I *think* it's uncontroversial. But better safe than sorry.
As many of us have said before, 1123 refers to host names, not domain
names. (Host names are a subset of domain names.) In an NS and MX
record, you want a host name, not necessarily so in a RRSIG record.
I disagree with the suggestion to bar all-numeric names. Mostly because
I don't like "rules" that are unnecessary. I don't see the necessity of
such a restriction.
My opinion:
The distinction between "hostnames" and "domain names" makes sense in many
places, but this is NOT one of them.
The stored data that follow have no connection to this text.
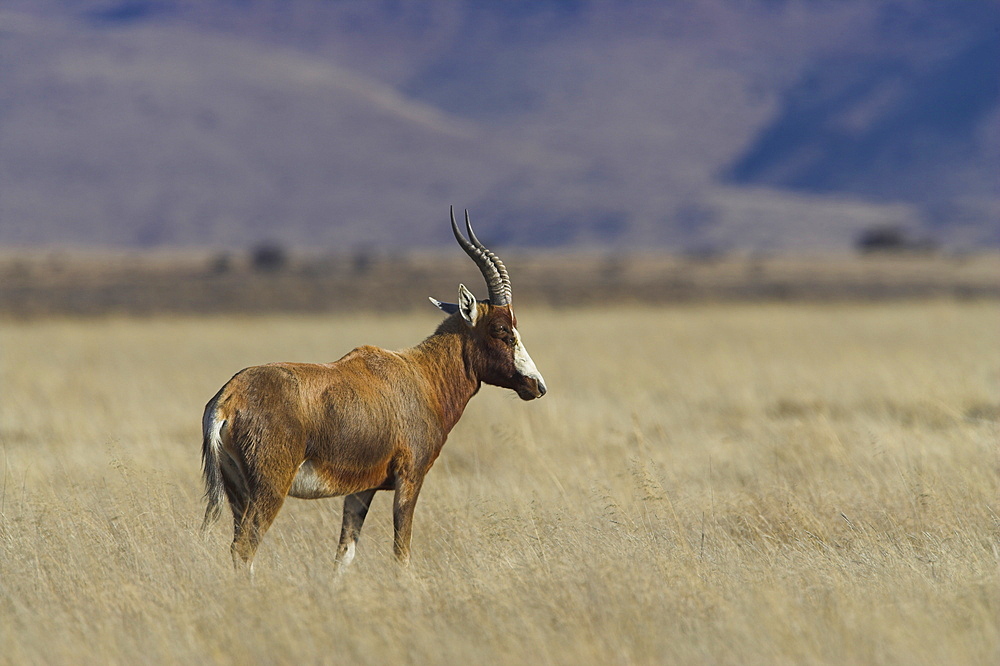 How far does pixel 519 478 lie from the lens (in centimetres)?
1116

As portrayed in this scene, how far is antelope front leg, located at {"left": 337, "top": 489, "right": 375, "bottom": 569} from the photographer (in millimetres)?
7863

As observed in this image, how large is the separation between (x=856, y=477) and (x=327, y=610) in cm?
561

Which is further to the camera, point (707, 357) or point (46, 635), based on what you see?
point (707, 357)

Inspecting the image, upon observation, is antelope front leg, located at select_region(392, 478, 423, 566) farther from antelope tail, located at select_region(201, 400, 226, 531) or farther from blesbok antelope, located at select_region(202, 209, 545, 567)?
antelope tail, located at select_region(201, 400, 226, 531)

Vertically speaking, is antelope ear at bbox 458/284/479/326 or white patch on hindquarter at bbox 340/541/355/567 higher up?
antelope ear at bbox 458/284/479/326

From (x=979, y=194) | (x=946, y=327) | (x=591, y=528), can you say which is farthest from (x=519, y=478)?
(x=979, y=194)

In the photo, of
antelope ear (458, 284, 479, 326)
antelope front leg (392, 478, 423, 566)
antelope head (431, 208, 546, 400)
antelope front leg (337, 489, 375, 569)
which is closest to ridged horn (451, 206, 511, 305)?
antelope head (431, 208, 546, 400)

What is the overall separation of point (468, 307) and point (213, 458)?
213 centimetres

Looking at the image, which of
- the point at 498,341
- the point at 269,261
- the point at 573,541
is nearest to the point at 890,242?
the point at 269,261

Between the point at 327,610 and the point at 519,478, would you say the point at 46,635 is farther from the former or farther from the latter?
the point at 519,478

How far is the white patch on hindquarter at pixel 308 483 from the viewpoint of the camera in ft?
24.3

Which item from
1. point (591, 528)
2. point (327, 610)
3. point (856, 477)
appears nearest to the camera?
point (327, 610)

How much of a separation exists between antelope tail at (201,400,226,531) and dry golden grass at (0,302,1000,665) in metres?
0.42

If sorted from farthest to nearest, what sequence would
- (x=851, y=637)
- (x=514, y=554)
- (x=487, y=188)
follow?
(x=487, y=188), (x=514, y=554), (x=851, y=637) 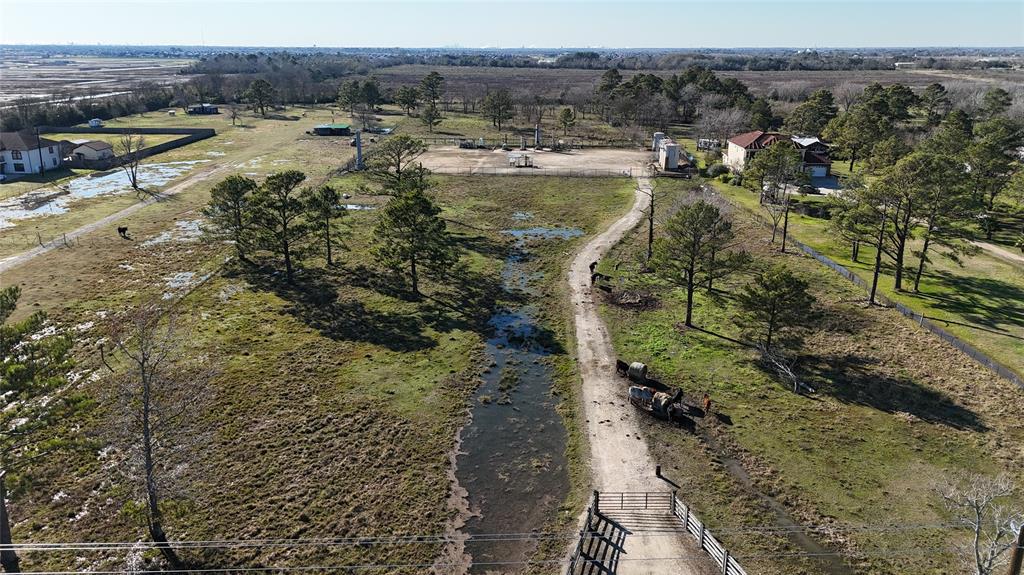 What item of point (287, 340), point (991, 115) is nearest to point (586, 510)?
point (287, 340)

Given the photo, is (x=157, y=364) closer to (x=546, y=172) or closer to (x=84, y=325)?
(x=84, y=325)

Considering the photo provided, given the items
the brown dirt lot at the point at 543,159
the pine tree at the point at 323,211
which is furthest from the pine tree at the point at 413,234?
the brown dirt lot at the point at 543,159

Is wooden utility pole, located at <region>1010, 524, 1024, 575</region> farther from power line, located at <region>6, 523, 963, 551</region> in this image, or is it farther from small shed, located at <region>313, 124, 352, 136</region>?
small shed, located at <region>313, 124, 352, 136</region>

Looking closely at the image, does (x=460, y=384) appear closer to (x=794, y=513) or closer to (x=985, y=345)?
(x=794, y=513)

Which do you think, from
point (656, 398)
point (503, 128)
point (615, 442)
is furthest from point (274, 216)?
point (503, 128)

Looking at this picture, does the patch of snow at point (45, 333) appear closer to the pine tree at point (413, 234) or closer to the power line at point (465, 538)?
the power line at point (465, 538) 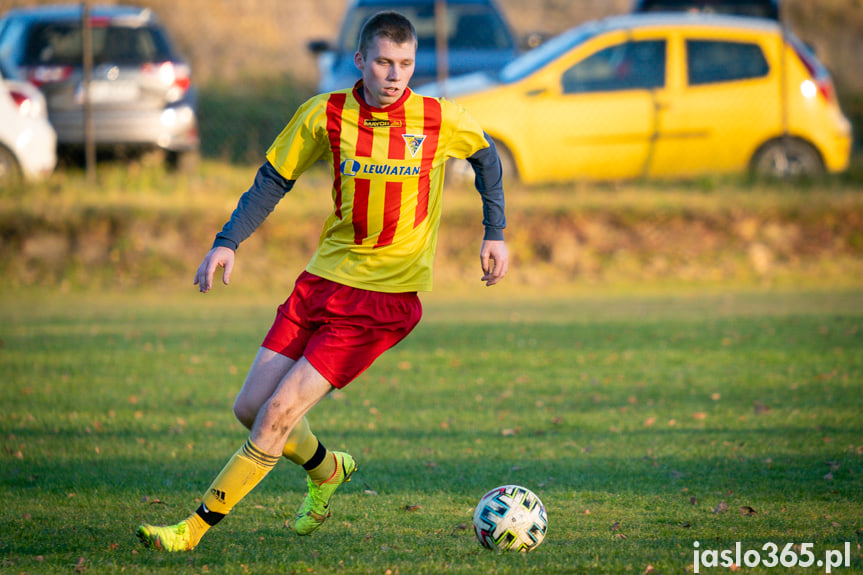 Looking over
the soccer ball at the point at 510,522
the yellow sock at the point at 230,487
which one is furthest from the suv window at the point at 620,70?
the yellow sock at the point at 230,487

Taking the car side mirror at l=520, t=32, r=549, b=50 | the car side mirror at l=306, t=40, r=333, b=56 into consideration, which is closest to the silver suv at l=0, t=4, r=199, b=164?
the car side mirror at l=306, t=40, r=333, b=56

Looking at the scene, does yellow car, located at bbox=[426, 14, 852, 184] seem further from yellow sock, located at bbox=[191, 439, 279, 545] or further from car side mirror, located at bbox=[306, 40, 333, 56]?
yellow sock, located at bbox=[191, 439, 279, 545]

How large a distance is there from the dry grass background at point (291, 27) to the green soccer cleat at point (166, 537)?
59.6 feet

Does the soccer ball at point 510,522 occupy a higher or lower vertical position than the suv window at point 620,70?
lower

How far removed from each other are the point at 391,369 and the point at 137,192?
6.73 metres

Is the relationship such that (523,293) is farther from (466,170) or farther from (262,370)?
(262,370)

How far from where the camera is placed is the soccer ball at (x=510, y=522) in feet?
13.8

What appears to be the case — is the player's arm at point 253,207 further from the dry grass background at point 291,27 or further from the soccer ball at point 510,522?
the dry grass background at point 291,27

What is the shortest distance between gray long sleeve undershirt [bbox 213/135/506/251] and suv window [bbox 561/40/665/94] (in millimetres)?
9263

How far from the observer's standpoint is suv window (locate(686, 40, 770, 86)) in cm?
1355

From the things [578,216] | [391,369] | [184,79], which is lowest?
[391,369]

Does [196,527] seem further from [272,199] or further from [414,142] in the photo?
[414,142]

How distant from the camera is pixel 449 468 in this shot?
5.68 m

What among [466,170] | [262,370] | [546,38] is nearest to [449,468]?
[262,370] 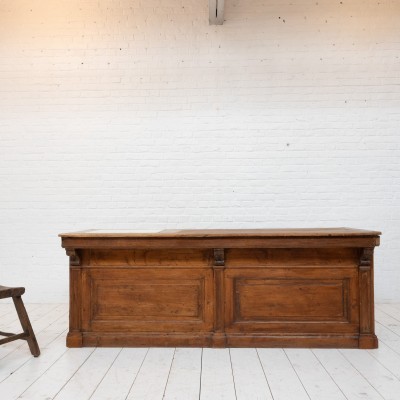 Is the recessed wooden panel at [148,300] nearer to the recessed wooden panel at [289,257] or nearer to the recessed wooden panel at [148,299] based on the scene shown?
the recessed wooden panel at [148,299]

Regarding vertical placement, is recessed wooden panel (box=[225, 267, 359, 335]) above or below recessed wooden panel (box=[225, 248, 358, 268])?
below

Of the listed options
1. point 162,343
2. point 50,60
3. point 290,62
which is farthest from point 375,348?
point 50,60

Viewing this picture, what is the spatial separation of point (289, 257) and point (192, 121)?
241 cm

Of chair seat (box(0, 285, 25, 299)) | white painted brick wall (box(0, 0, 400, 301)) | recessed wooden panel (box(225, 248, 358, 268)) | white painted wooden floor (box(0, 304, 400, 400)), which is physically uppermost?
white painted brick wall (box(0, 0, 400, 301))

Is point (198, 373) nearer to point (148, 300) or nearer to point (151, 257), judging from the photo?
point (148, 300)

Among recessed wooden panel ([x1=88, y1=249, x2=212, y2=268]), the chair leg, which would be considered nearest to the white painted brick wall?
recessed wooden panel ([x1=88, y1=249, x2=212, y2=268])

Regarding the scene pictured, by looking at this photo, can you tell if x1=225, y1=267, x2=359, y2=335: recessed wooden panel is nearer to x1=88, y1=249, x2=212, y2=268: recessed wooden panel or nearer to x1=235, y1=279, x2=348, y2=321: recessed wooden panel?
x1=235, y1=279, x2=348, y2=321: recessed wooden panel

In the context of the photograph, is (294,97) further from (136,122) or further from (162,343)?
(162,343)

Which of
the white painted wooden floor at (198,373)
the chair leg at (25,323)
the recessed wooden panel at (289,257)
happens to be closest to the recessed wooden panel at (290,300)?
the recessed wooden panel at (289,257)

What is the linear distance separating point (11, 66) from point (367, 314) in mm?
4595

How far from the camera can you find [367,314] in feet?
10.6

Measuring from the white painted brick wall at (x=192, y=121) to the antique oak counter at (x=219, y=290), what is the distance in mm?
1818

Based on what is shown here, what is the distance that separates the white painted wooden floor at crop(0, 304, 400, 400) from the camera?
247 cm

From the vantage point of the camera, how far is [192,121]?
5.21 metres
Hiding behind that distinction is a
way to duck the problem that I won't accept; it may be that dnsext is the
wrong WG to do it, because dnsext has (mostly successfully) stayed out of
the "meaning" issues, but I think it's an IETF problem, and the IETF should
solve it.
We (the IETF, which has protocols ranging from layers 2 to 7) have defined
protocols which break in the presence of all-numeric hostnames; if you can
put the following record into the DNS:
129.241.1.99. A 158.38.152.233
two reasonable interpretations of the HTTP spec can end up querying two
different webservers for the URL
http://129.241.1.99/proof-of-concept.html
just to give one example.
That is, in my book, a problem, and should be fixed.
If there is a rule about numeric TLDs not being allowed, this problem is
fixed once, and for all protocols with this problem.
If not, each and every protocol needs updating with its own "tie-breaker
rule" - that's stupid.
It's possible to write that rule in many different forms.
But I think it's the IETF's job to pick one.